In fact, in spite of investors’ frustration at dismal returns and regulators’ insistence that banks that are “too big to fail” will be cut down to size, the world’s mightiest banks have scarcely shrunk at all since Lehman Brothers collapsed. The 11 behemoths considered the most pivotal by the Financial Stability Board (FSB), a global grouping of regulators, had $22 trillion in assets at the end of 2008; they now have $20 trillion. The assets of the wider group of 30 institutions the FSB describes as “global, systemically important banks” have grown, not shrunk, in recent years.

On the face of it, this is a puzzle. To forestall future crises, regulators have piled on new rules intended explicitly to make life harder for the banks that are thought to present the greatest risks to the stability of the global financial system. All banks must meet higher capital ratios these days, funding a greater share of their activities with money put up by shareholders rather than by borrowing. This crimps returns but ensures a stouter buffer if they run into trouble. But the extra capital requirements are especially severe for the biggest banks.

Whereas a smaller bank might be required to hold capital equivalent to 7% of its risk-weighted assets, HSBC and JPMorgan Chase, the two institutions the FSB judges to be most systemic, have to hold 2.5 percentage points more. American regulators have imposed a further surcharge on JPMorgan Chase which will push its minimum ratio to 11.5% by 2019. The intention is not just to make sure that big banks are safer, given the expense of bailing them out, but to discourage banks from getting too big in the first place.

Other bits of regulation also hamper big banks in particular. America has banned “proprietary trading” (a bank making investments with its own money, rather than on behalf of clients); Britain is “ring-fencing” the retail units of big banks to protect their assets in case of disaster in other parts of the business. And whereas regulators used not to make much fuss if the subsidiary of a multinational bank in their country was not brimming with capital, as long as the bank as a whole was, most now require local units to be able to withstand shocks on their own. These rules have little impact on smaller banks, which tend not to sprawl across so many countries or to combine retail and investment banking.
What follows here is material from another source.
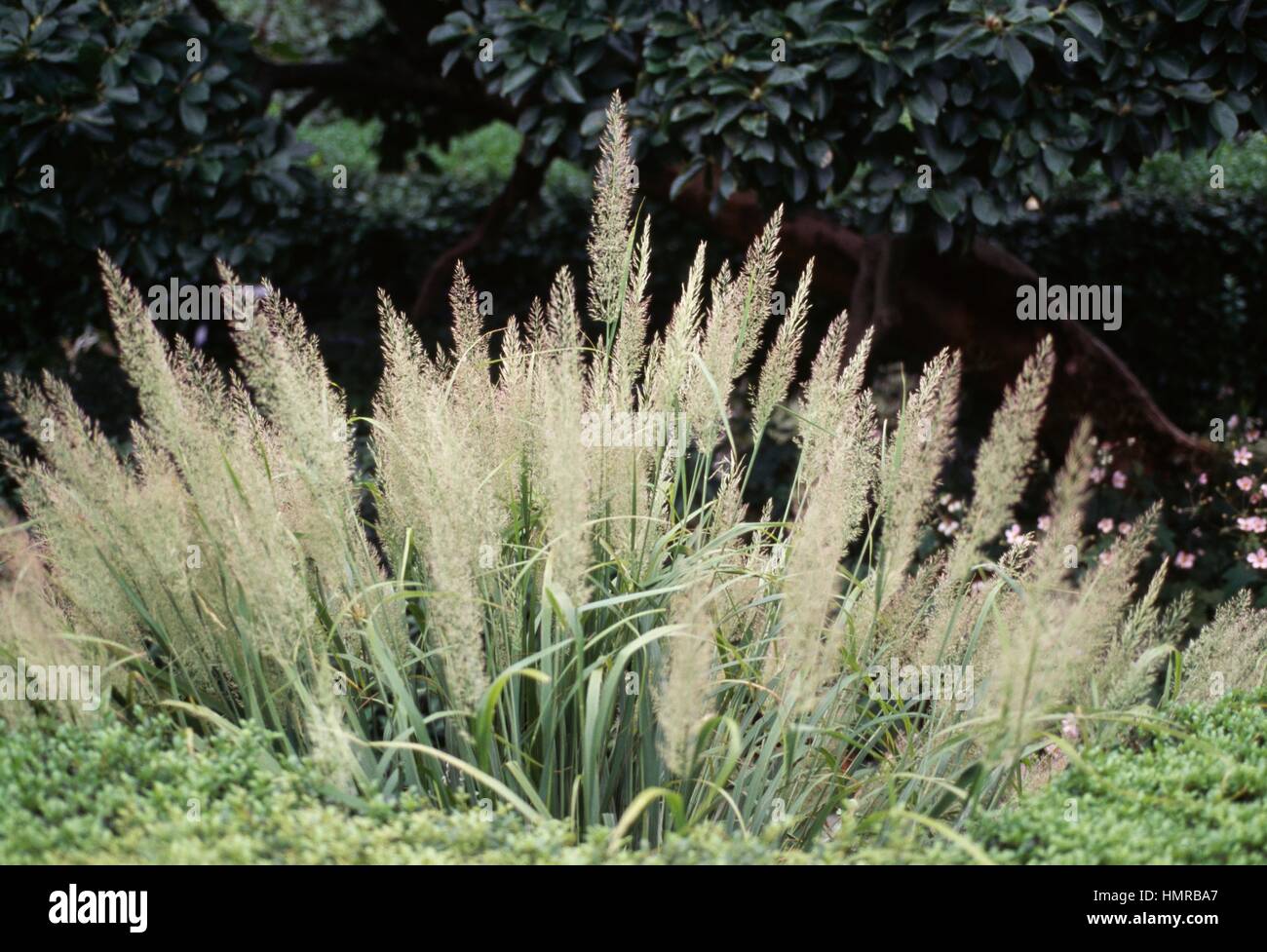 Silver spike grass (Achnatherum calamagrostis), Poaceae. Stock Photo
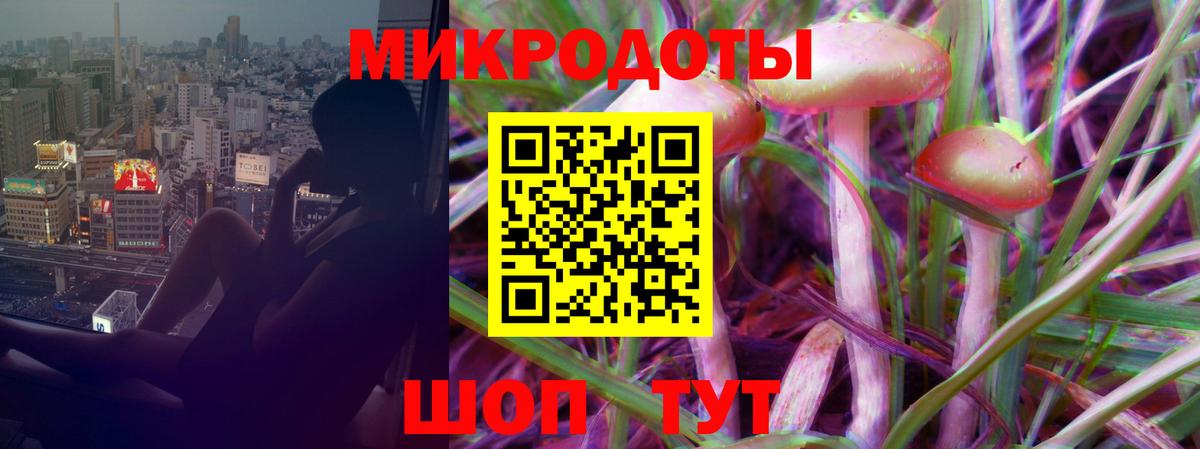 Псилоцибиновые грибы GOLDEN TEACHER  Вход с VPN  купить закладку  Киселёвск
By the same token, small banks have not been fined quite so heavily by prosecutors in America and elsewhere. The penalties—some $260 billion and counting for big American and European banks—have fallen mainly on commercial and investment bankers who have fiddled markets. Some banks have regulatory staff sitting in on most meetings, even at board level. “For every maker there are four checkers these days,” grumbles one investment banker.

Such changes have had some impact. Although the 11 banks that most perturb the FSB have not really shrunk, they have at least stopped growing. There has been a marked change since the pre-crisis period. In 1990 the world’s ten biggest banks had just $3.6 trillion of assets ($6.6 trillion in today’s prices)—equivalent to 16% of global GDP. By 2008 they had assets of $25 trillion (40% of global GDP). They now have assets of $26 trillion, or 35% of global GDP.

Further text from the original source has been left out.